__Materials provided__

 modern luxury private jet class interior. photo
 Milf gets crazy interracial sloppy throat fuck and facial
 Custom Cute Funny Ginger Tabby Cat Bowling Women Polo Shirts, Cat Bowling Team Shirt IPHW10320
==
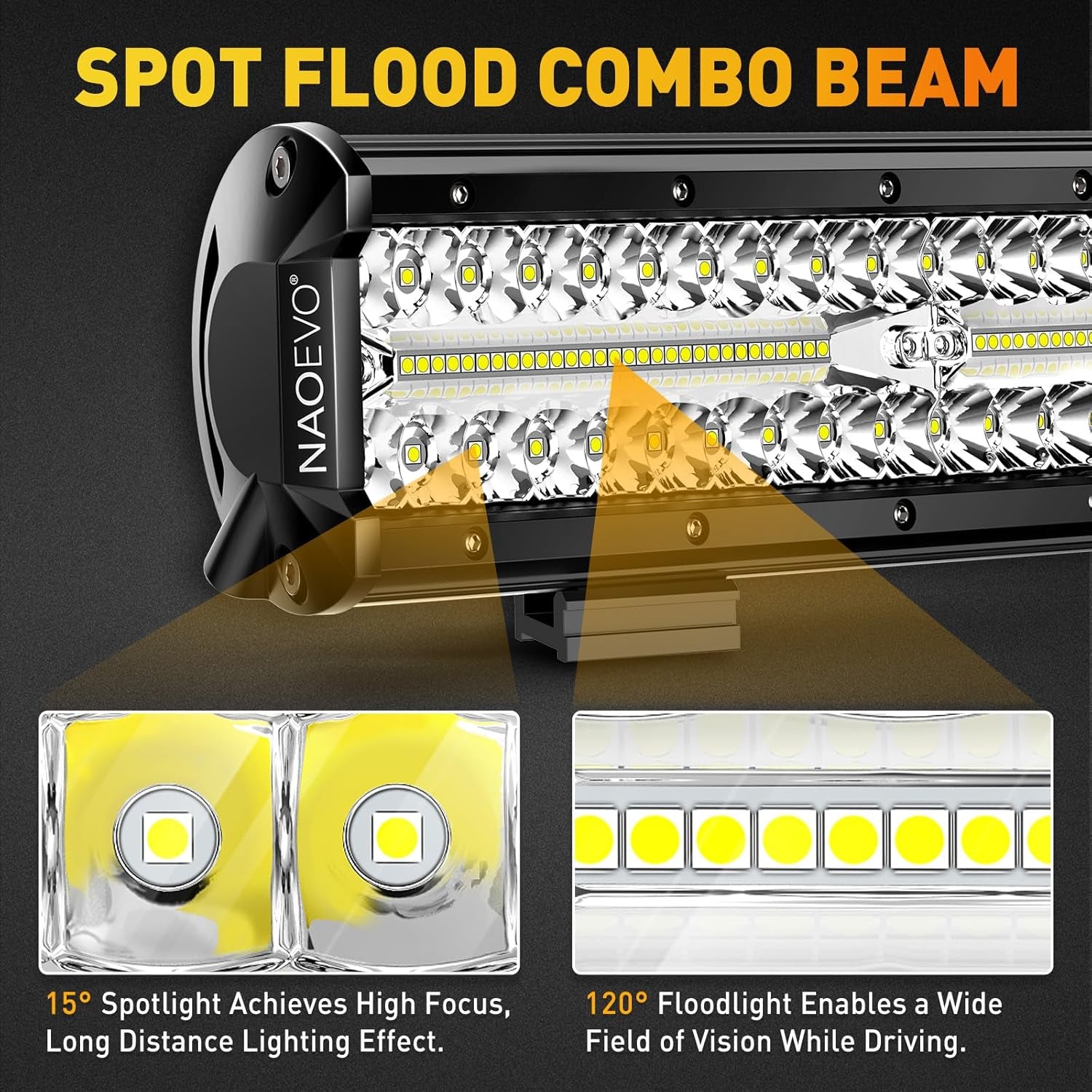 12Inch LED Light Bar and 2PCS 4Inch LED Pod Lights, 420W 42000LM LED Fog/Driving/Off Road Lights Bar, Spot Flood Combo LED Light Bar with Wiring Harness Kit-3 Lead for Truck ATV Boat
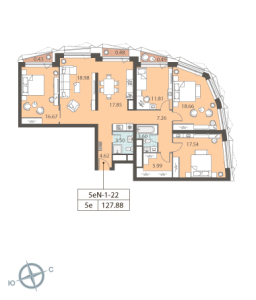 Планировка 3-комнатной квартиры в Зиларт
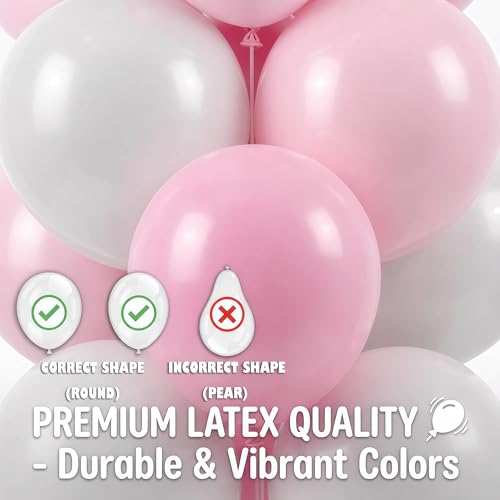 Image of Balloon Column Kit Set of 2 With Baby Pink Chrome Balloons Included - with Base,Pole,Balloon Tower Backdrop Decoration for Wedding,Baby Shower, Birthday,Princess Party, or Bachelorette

__Your task__
Search the listing above for the lines with "Milf gets crazy" and "Custom Cute Funny", then output those lines and all lines between them exactly.

__Your response__
 Milf gets crazy interracial sloppy throat fuck and facial
 Custom Cute Funny Ginger Tabby Cat Bowling Women Polo Shirts, Cat Bowling Team Shirt IPHW10320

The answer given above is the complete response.